Microsoft offers more details on how it will use virtualization to try to combat a perceived Vista shortcoming--its lack of compatibility with software written for older versions of the OS.

Microsoft on Tuesday offered up a few more details on its once-secretive project to use virtualization to offer an "XP Mode" for Windows 7.

As noted on Friday, Microsoft is using its Virtual PC technology to allow Windows 7 users to run programs that work in Windows XP but not in Windows Vista. On Tuesday, it noted some more of the fine print regarding the product.

As far as technical requirements, XP Mode needs a beefier system than that required to just run Windows 7 or XP alone, including at least 2GB of memory and a system that has chip-level virtualization from either Intel or AMD. One of the challenges is that today it is often not that easy to tell whether one's PC has such support.

A screenshot of Windows 7's XP Mode, which allows programs designed for Windows XP to run inside a virtual machine within Windows 7. Microsoft

"Some PCs have it and some don't," said Scott Woodgate, a director in the Windows unit. "It's not as clear as it should be relative to which PCs have (hardware-based virtualization) support and which don't."

At its core, XP mode consists of two things, the Windows Virtual PC engine and a licensed copy of Windows XP Service Pack 3 as a packaged virtual machine. Although neither piece will be included in the Windows 7 box, XP Mode will be a free download for those who have a license to Windows 7 Professional, Windows 7 Enterprise, or Windows 7 Ultimate.

Microsoft is aiming XP Mode primarily at small businesses, Woodgate said."That's a class of customers that may have Windows XP apps that they may want to run on Windows 7," he said.

Larger businesses may also have need to run older applications, but typically want control over things like who can install programs on their machines and other management issues. For them, he said, Microsoft has a product called MED-V that allows such control. An updated version of MED-V, due to be in beta within 90 days of the launch of Windows 7, will add support for Windows 7's XP Mode, he said.
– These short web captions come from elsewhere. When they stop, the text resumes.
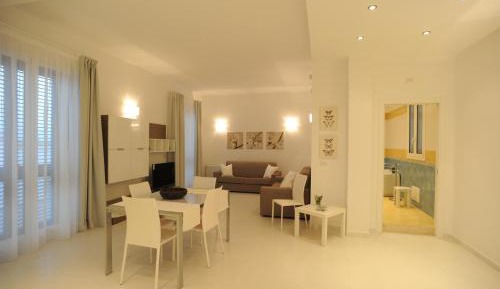 Large Studio with Terrace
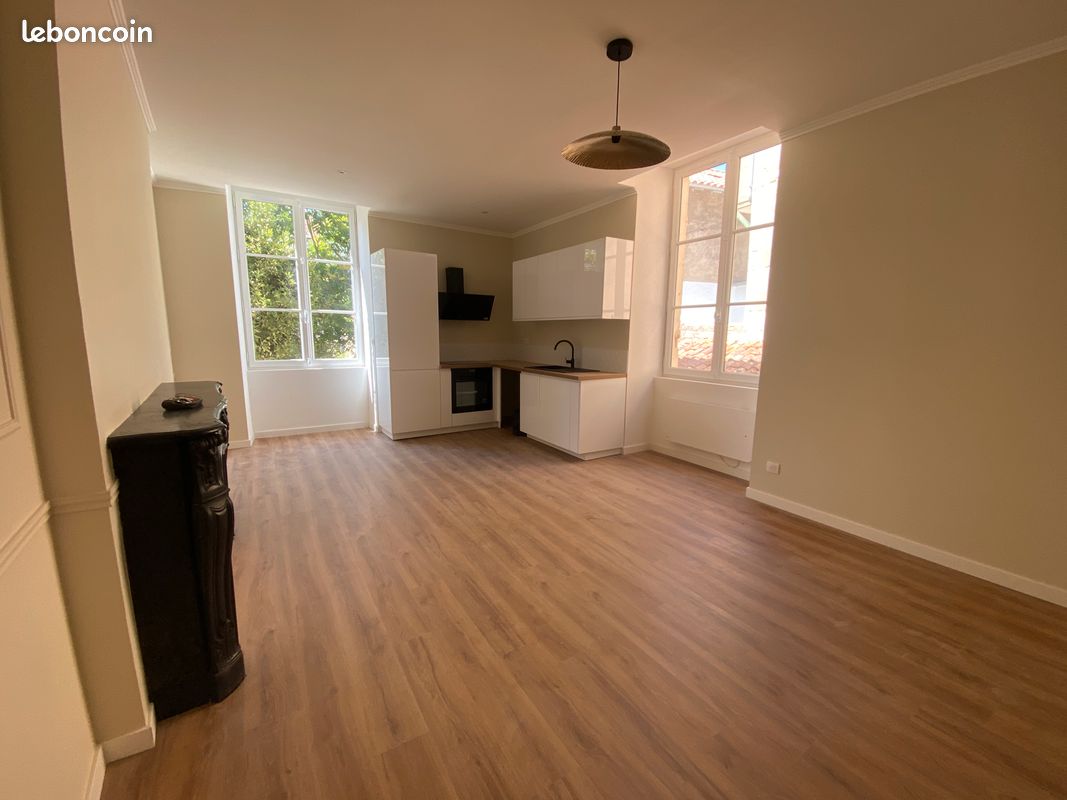 Appartement 3 pièces 48 m² · à Poitiers · 47,7 m² · 720 €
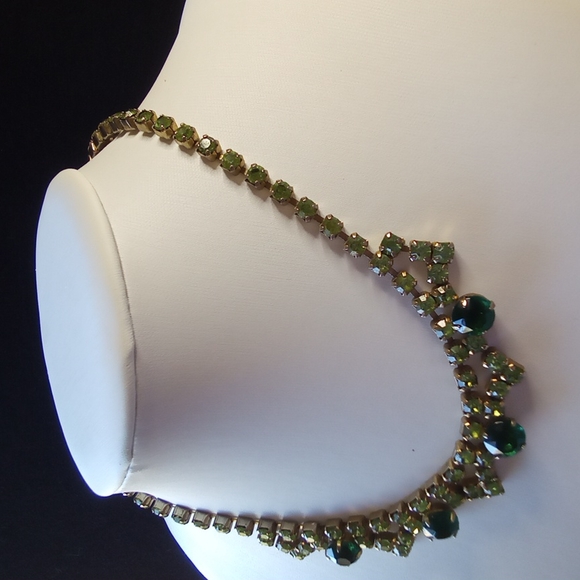 Vintage Peridot Green Juliana Necklace In Gold - Picture 3 of 9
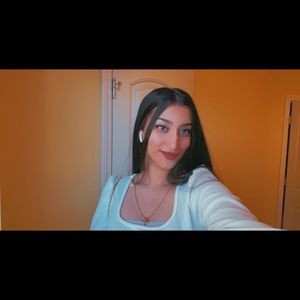 Meet your Posher, Rina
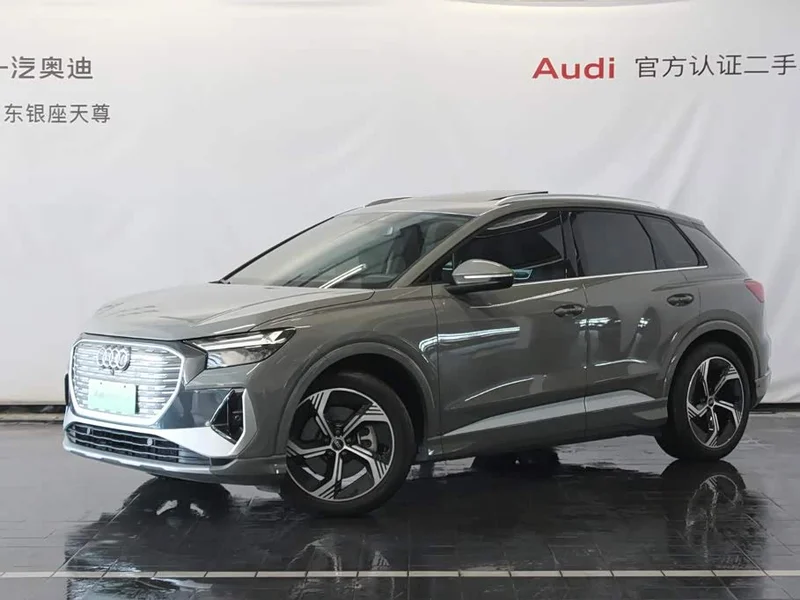 Audi Q4 e-tron — фото 1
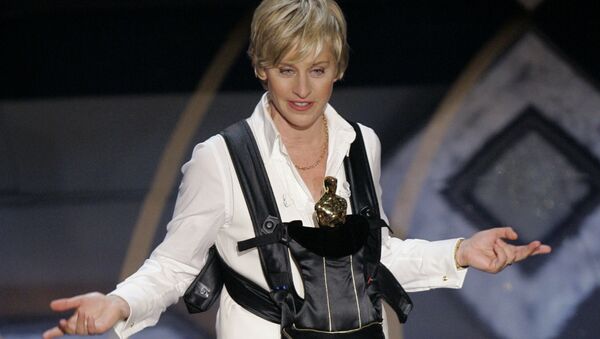 Oscar host Ellen DeGeneres performs during the 79th Academy Awards telecast on 25 February 2007, in Los Angeles.  - Sputnik International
One of the benefits of XP Mode over Microsoft's existing virtualization products is the fact that, after a setup process, the Windows XP virtual machine runs in the background so users don't have to manage multiple desktops. XP Mode automatically installs shortcuts for XP programs in the Windows 7 start menu. The experience from that point on is similar to the one offered by VMware's Fusion and Parallels in their virtualization products.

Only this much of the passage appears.